Leo Varadkar’s victory in the Fine Gael leadership contest on Friday, which took place after outgoing PM Enda Kenny announced his resignation last month, marks another significant step forward for equality in the country, after 2015’s gay marriage referendum.
Varadkar is expected to be voted in as prime minister when parliament next sits on June 13 and become the once-staunchly Catholic country’s first openly gay premier and the youngest person ever to hold the office.
He said this week: “If somebody of my age, of my mixed race background and of all the things that make up my character can potentially become leader of our country, then I think that sends out a message to every child born today that there is no office in Ireland that they can’t aspire to.”
Varadkar, a doctor educated at Trinity College Dublin, entered Irish politics in 2004, when he polled almost 5,000 votes in a local government election in the Dublin West constituency. Three years later, he was elected to represent the area in parliament.
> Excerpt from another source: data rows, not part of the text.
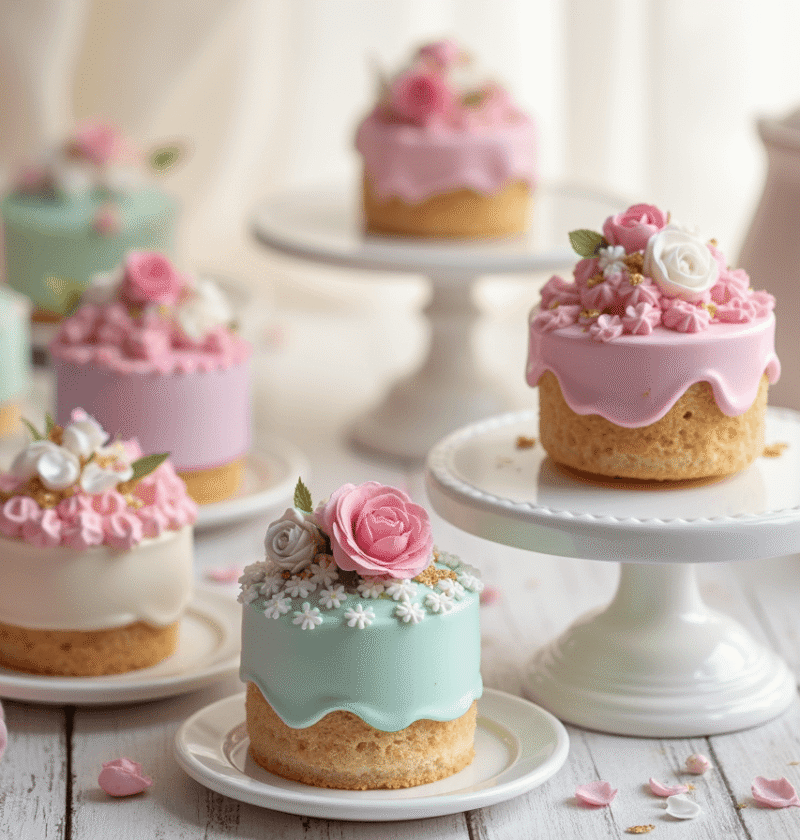 Mini Cakes: How to Bake Perfect Single-Serve Desserts in 30 Mins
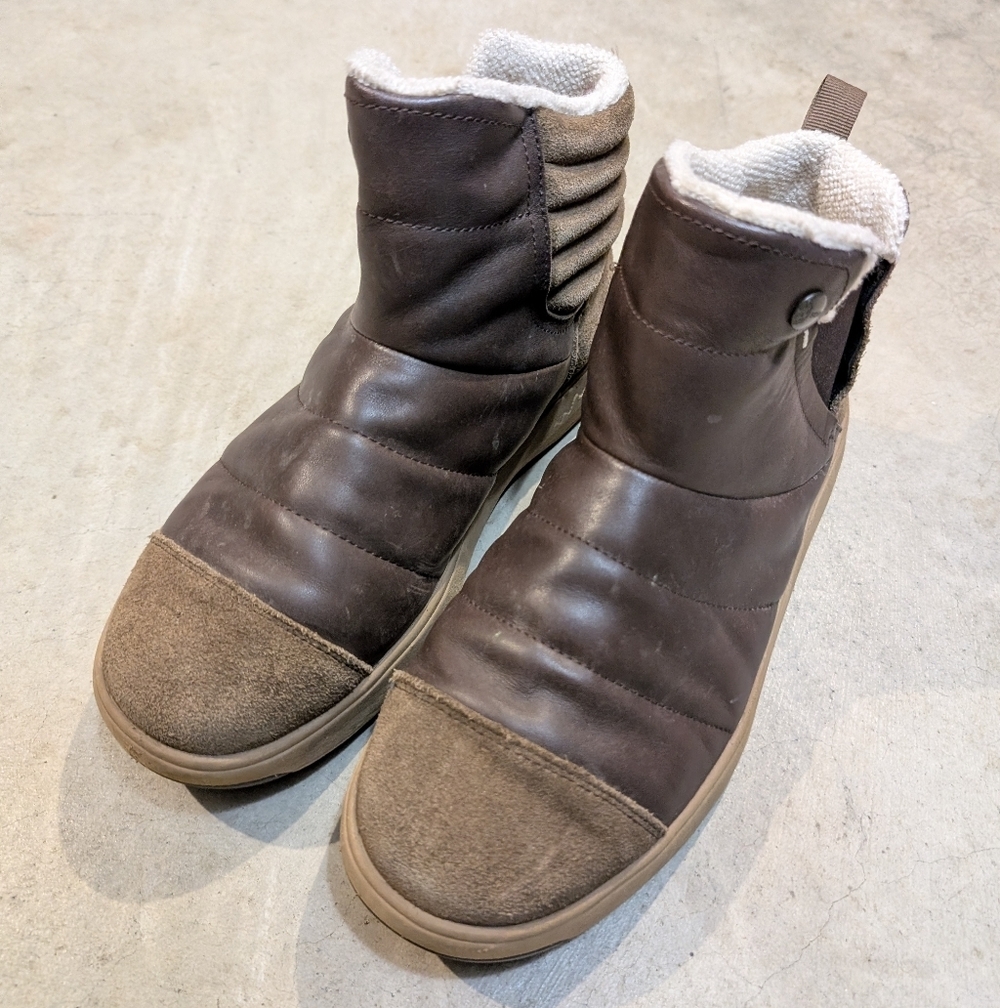 Stio Colter Boots Women's 9 Brown Slip On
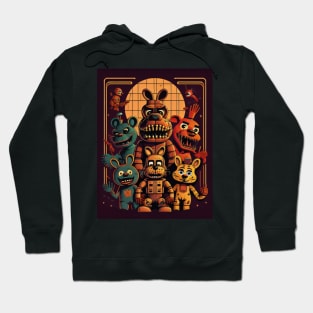 Five Nights At Freddys Hoodie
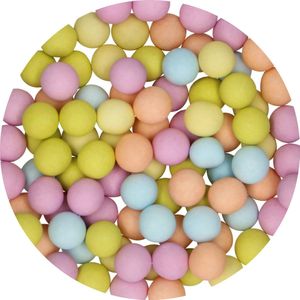 FunCakes Eetbare Taartdecoratie - Candy Choco Parels - Large - Mat Mix - 70g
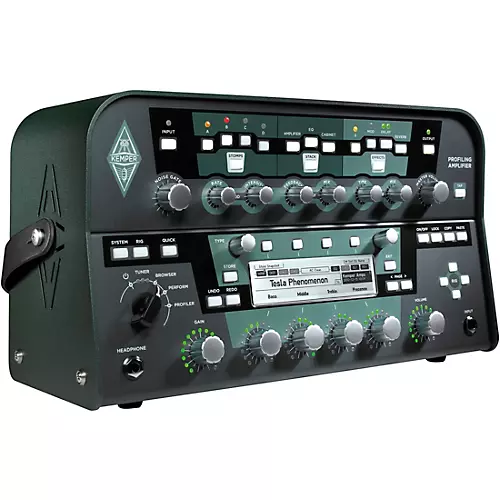 Kemper Profiler PowerHead 600W Class-D Profiling Guitar Amp Head With Remote - musicians--Friend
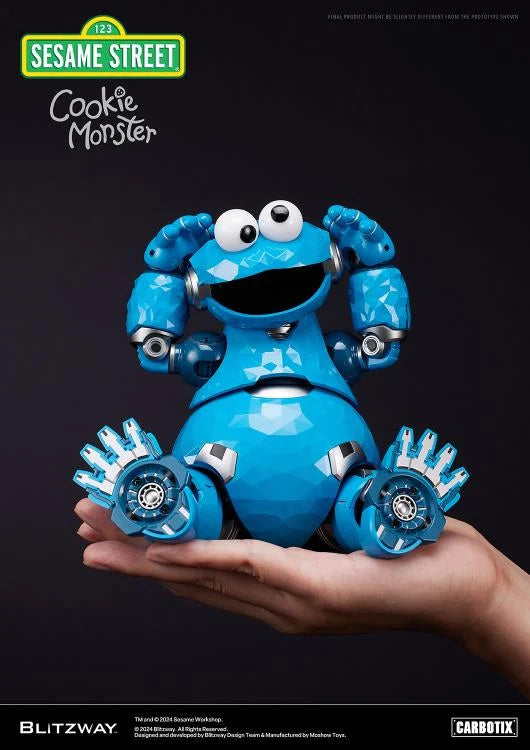 PREORDER BLITZWAY Carbotix Sesame Street Cookie Monster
In 2014, he became Ireland’s minister for health and, after Fine Gael suffered losses in last year’s general election, he entered a minority coalition as minister for social protection.
On his 36th birthday in January 2015 during an interview on Ireland’s RTÉ Radio, Mr Varadkar spoke publicly for the first time about being gay.
He said: “It’s not something that defines me. I’m not a half-Indian politician, or a doctor politician or a gay politician for that matter. It’s just part of who I am, it doesn’t define me, it is part of my character.”
The announcement made him the first openly gay cabinet member in Ireland.